The sweet, juicy tomatoes and seared tuna are accented with light, bright Asian flavors, including shoyu (or white soy sauce, milder and thinner than the usual soy sauce), sesame seeds, sesame oil, garlic, and yuzu juice. Togarashi, a Japanese spice powder, is optional, but a great addition if you can find it —or you can always make your own!
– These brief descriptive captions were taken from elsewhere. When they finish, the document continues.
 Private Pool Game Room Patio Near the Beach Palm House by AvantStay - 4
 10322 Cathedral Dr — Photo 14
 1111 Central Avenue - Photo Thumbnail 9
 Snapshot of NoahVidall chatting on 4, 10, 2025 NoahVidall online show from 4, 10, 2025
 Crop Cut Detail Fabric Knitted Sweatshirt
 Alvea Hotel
The shiso leaves are another delicious ingredient that might be hard to find; their flavor is unique, and while neither basil nor cilantro will replicate it, they’re both fine substitutes for the herb in this dish.
- Yield: 4 servings
- Difficulty: Easy
- Total: 25 min
- Active: 25 min
- 4 cloves garlic, minced
- 4 teaspoons sesame seeds
- 2 teaspoons onion powder
- 1 teaspoon togarashi (optional)
- kosher salt
- 4 saku yellowtail tuna blocks, thawed if necessary
- 1 pint cherry or grape tomatoes (choose the ripest and most appealing tomatoes you can find)
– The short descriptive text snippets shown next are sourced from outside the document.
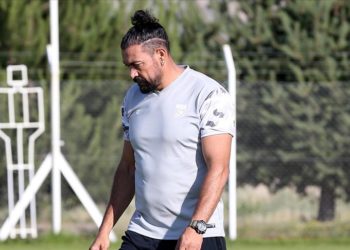 Sivasspor Teknik Direktörü Servet Çetin: Önceliğimiz eksik mevkilere transfer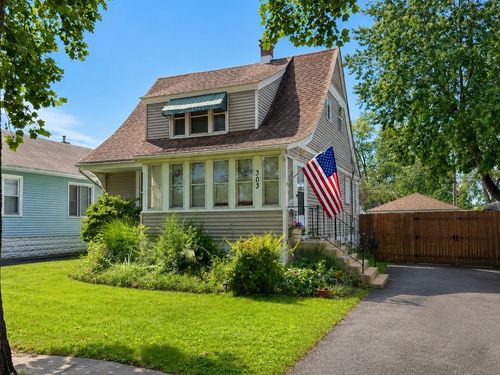 303 Davison St, Joliet, IL, 60433-2129 | Card Image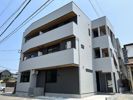 エール県庁前の外観画像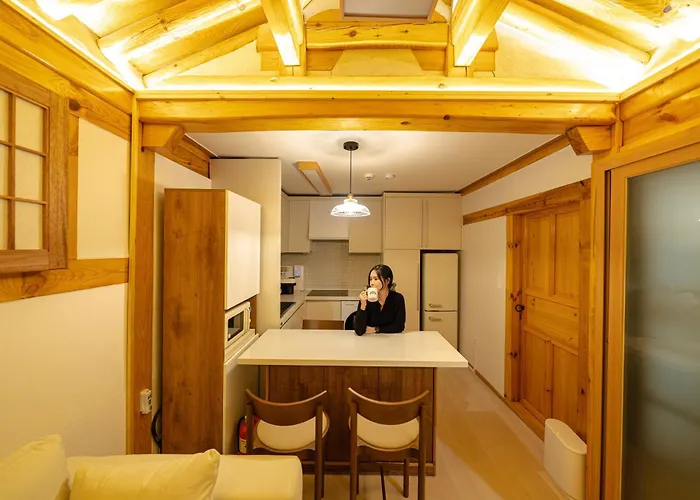 Appartement 경복궁역 5분 한옥독채 "the Onda" 마당정원 야간사진명소, 6인 장기숙소 Seoel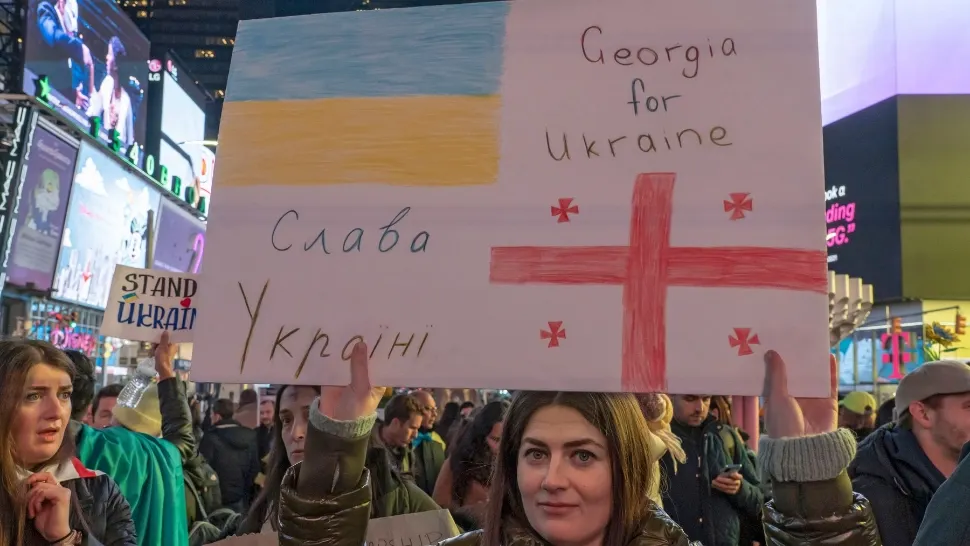 Georgia îşi oficializează cererea de aderare la Uniunea Europeană, deși Putin se opune vehement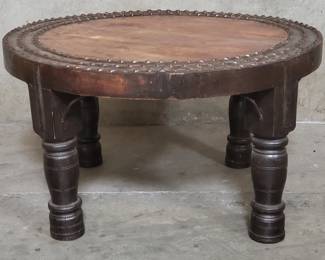 114 Lot 82 Spanish Revivalstyle metal and wood coffee table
- 2 tablespoons yuzu juice
- 1 teaspoon dark sesame oil
- 1-2 teaspoons shoyu (also called white soy sauce)
- freshly ground black pepper
- 1-2 tablespoons fresh green shiso, basil, or cilantro, torn or coarsely chopped, for garnish
- In a small bowl, mix together the garlic, sesame seeds, onion powder, togarashi (if using), and about 1 teaspoon kosher salt. Sprinkle this seasoning mix on both sides of the tuna, gently pressing the mix into the tuna.
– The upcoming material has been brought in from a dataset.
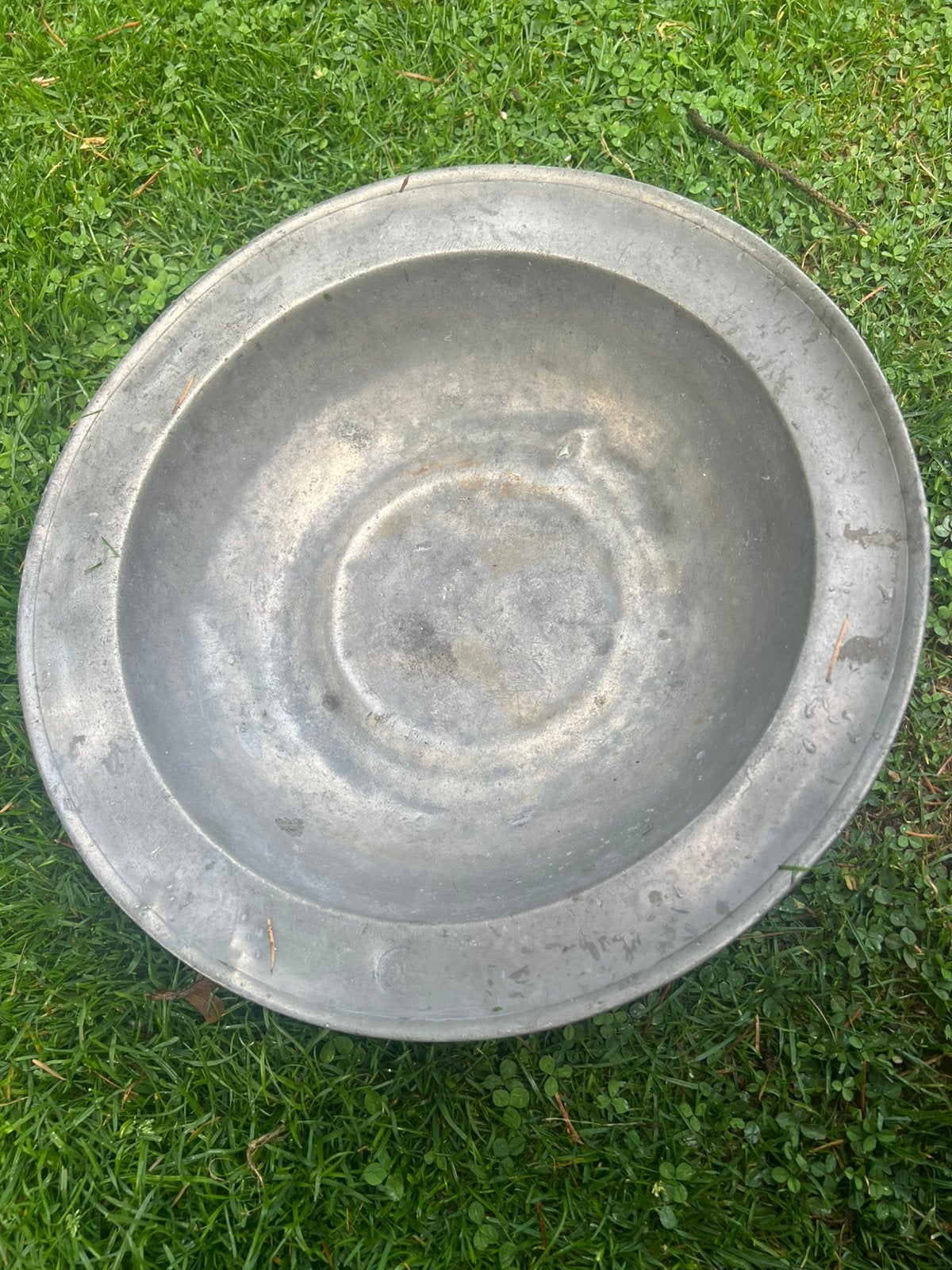 Zware oude tinnen schaal/schotel, 34 cm, 1,4 kg, massief tin, Ophalen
- Heat a large nonstick skillet over high heat. Sear the tuna blocks just until they brown slightly, 1 1/2 to 2 minutes on each side. Remove from the pan and slice the seared tuna into slices 1/4 to 1/2 inch thick.
- Slice the tomatoes into pieces of similar size and put in a mixing bowl. Season aggressively with salt and then sprinkle with the yuzu juice, dark sesame oil, and shoyu. Season with pepper and toss gently. Add the shiso, basil, or cilantro and toss again.
- Arrange the tuna slices on 4 plates and spoon the tomatoes next to them. Serve immediately.